If you want to talk about musicology as a science, and within this topic speak of its anal ysis of anti-Semitism as a political issue in music, then that is valid, and its valid to have a little here to point to it. "...Peter Gay lecture on the Wagnerian opera as anti-semitic allegory" I have never heard the the HUA quotient; the utter rubbishness and time-on-their-hands pursuits of academia espoused so plainly. -'Vert
- I hope we do enter in the bio of every German (or, in fact, every person) we have an encyclopedia article about verifiable information about their views and ideas, which obviously includes anti-Semitic views.--Eloquence 23:13 Feb 20, 2003 (UTC)
- Anti-Semitism is too subjective to be "verifiable" - Im sure God made you Elo, and anyone else, for more worty pursuits than to be such a particular kind of historian. -'Vert
- Wagner's anti-Semitism is neither subjective nor unverifiable. I don't believe in God. --Eloquence 23:40 Feb 20, 2003 (UTC)
My point is simply that many scholars of Wagner have argued that his anti-semitism, far from being tangential to an underswtanding of his music, is central. Sv, I am sorry I misgquoted you, I just hope you see that I was making a different point than you -- my point is about Wagner the composer, and Wagner's music. Tannin, you express some strong views about musicology and history. Frankly, they are irrelevant -- as are my views. What is relevant is scholarship on Wagner, not what you or I think about that scholarship. Isn't this what NPOV is all about? It is not an article on what SLR, or Tannin, or Sv or Clutch think about Wagner, it is an article about Wagner drawing on established scholarship. And given the amount of scholarship written on Wagner's anti-semitism, as well as the claims (by scholars) that Wagner did not just write music in order to write music, but that he had a political and cultural agenda in which anti-semitism held a central place, and this agenda determined much of his composition, I cannot see how an encyclopedia article can present his anti-semitism as tangential. (By the way -- although this really is a point for an article on musicology -- since Kerman's Contemplating Music in 1985 I think most musicologists would say that one really cannot talk about music "itself," music always and only exists in a specific historical and social (including political) context that determines its meaning and value)Slrubenstein
SR- no apologies necessary - As far as "scholarship", and including all the flavors it comes in... well... my bull-dar goes off anytime anyone says that. It perhaps is out of bounds for an encyclopedia. See my answer to Elo. -'Vert
- Why should we have an article about Richard Wagner?
- Because he wrote some famous music.
- So what should our article about Richard Wagner discuss?
- His politics.
- Huh? Tannin
No, it goes this way:
- Why should we have an article about Wagner?
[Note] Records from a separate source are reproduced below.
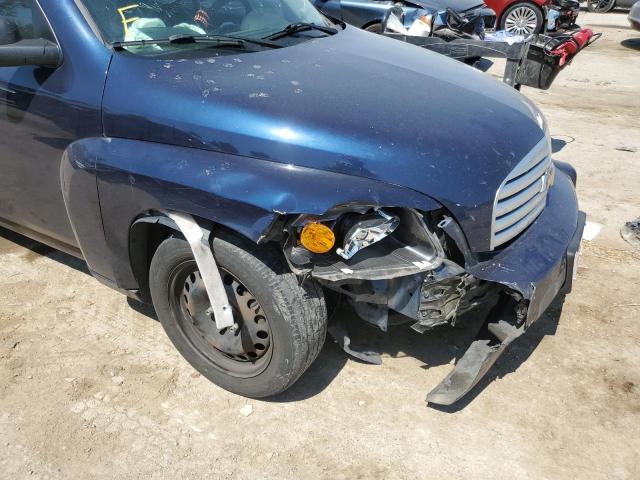 3GNBAAFW3BS500437 - 2011 CHEVROLET HHR LS BLUE photo 9
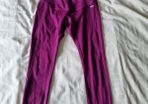 Maternity gym leggings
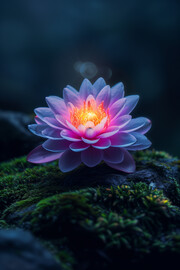 唯美梦幻花朵图片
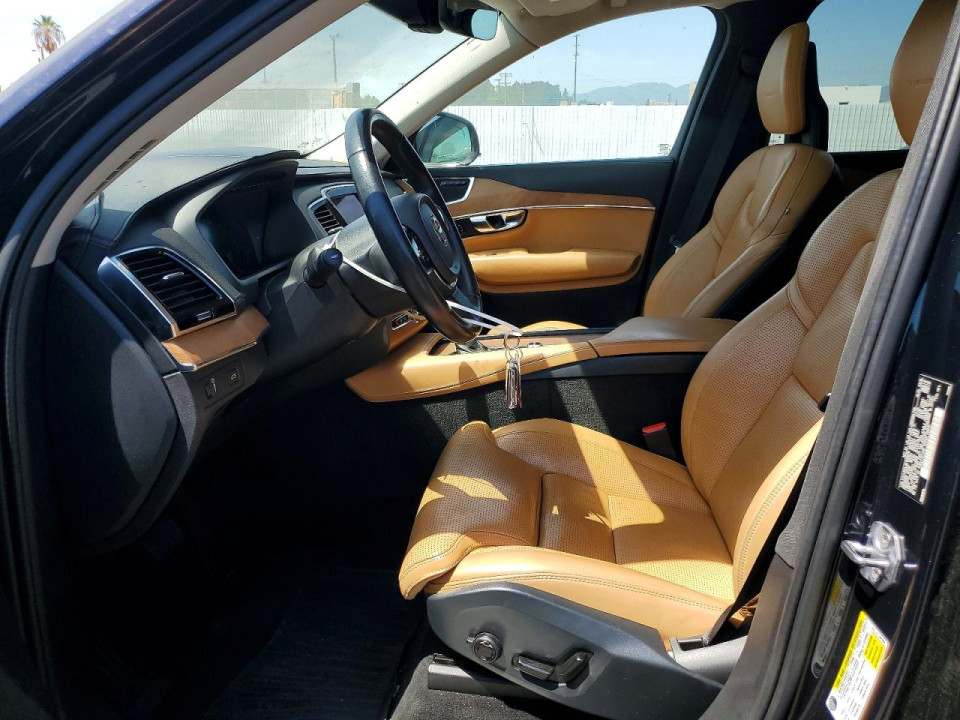Volvo XC90 2016 — Copart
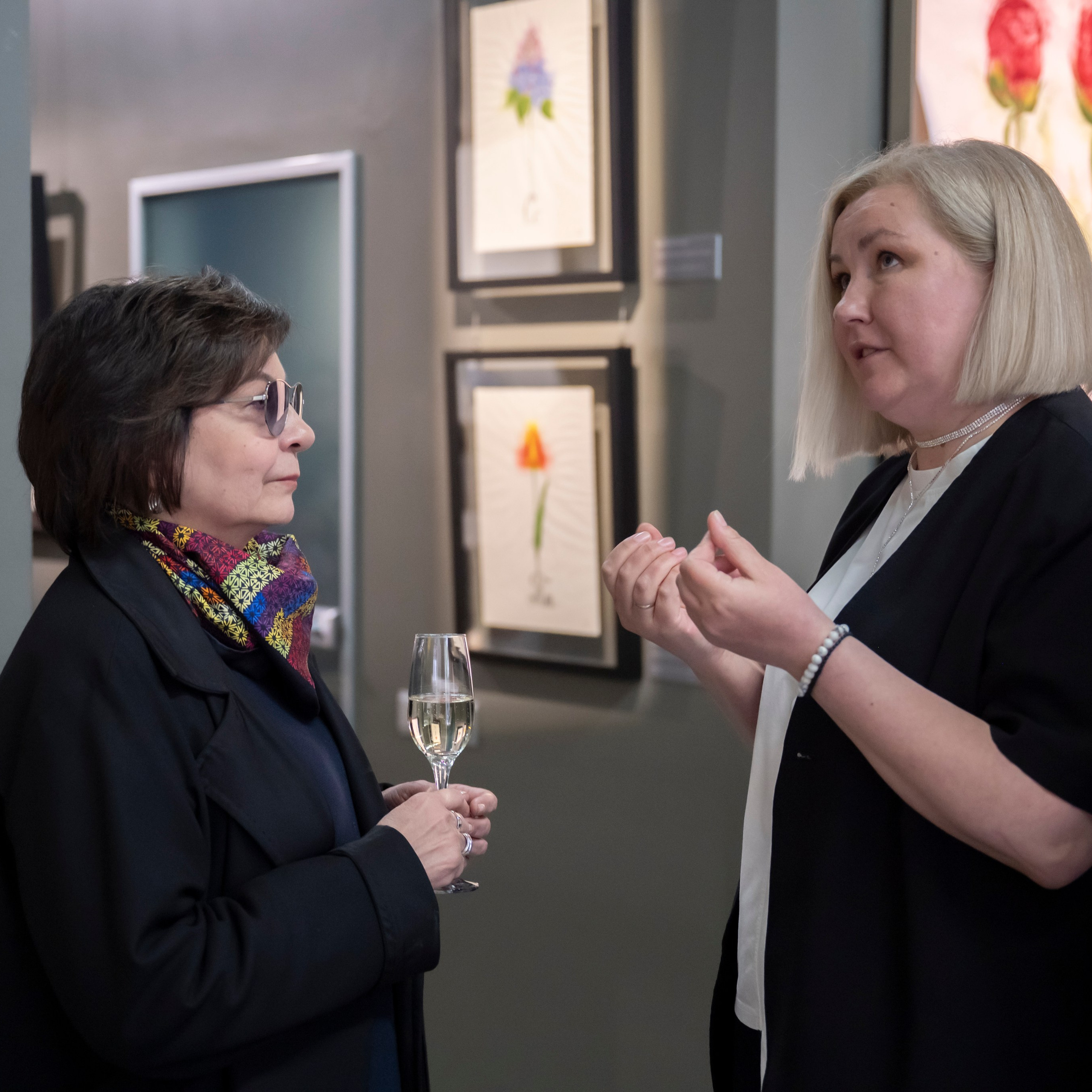 ВЫСТАВКА СВЕТЛАНЫ ТЕМЧУК. Ассоциация художников монументалистов г. Москва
- Because he wrote some famous music.
- So what should our article entail?
- an account of his music and of the scholarship on his music
- So what would that include?
- Technical and political issues (like his use of motifs and anti-semitism) that scholars have argued are central to his music.
- Huh? What can politics possible have to do with music?
- Well, that is why you need to read an encyclopedia article, or better yet, some scholarly books -- to add to your education.
Down to his underwear Tannin. Every little thing, down to his underwear.-'Vert
The article should discuss Richard Wagner. Not merely one aspect of Richard Wagner, but the totality of Wagner. Susan Mason
"that scholars have argued are central to his music." Im wondering where the line is here. No doubt other scolars contest this idea of the anti-Semitic "theme" - and if it is a "theme" then how can this be generalized? 'Wagnerian opera is xenophobic and ethnocentric in nature" Very very interesting, but... 'Vert
No-one is objecting to a discussion of the totality of Wagner (except Clutch, if you count Clutch, that is, which I don't). However an entry about a musician that manages to spend most of its time talking about side issues and not his music is unbalanced and should be corrected. Tannin
- The question is, "what is a side issue" and the article should represent the current state of scholarship, including those scholars who claim that anti-semitism is a side isssue of course, but also including the scholars that claim that it is not at all a side issue. For you to declare that a topic scholars consider central is in fact a side isssue reflects ignorance and a lack of NPOV. Slrubenstein
- We've had this discussion before. Add balance by adding information, not by removing it. --Eloquence 23:40 Feb 20, 2003 (UTC)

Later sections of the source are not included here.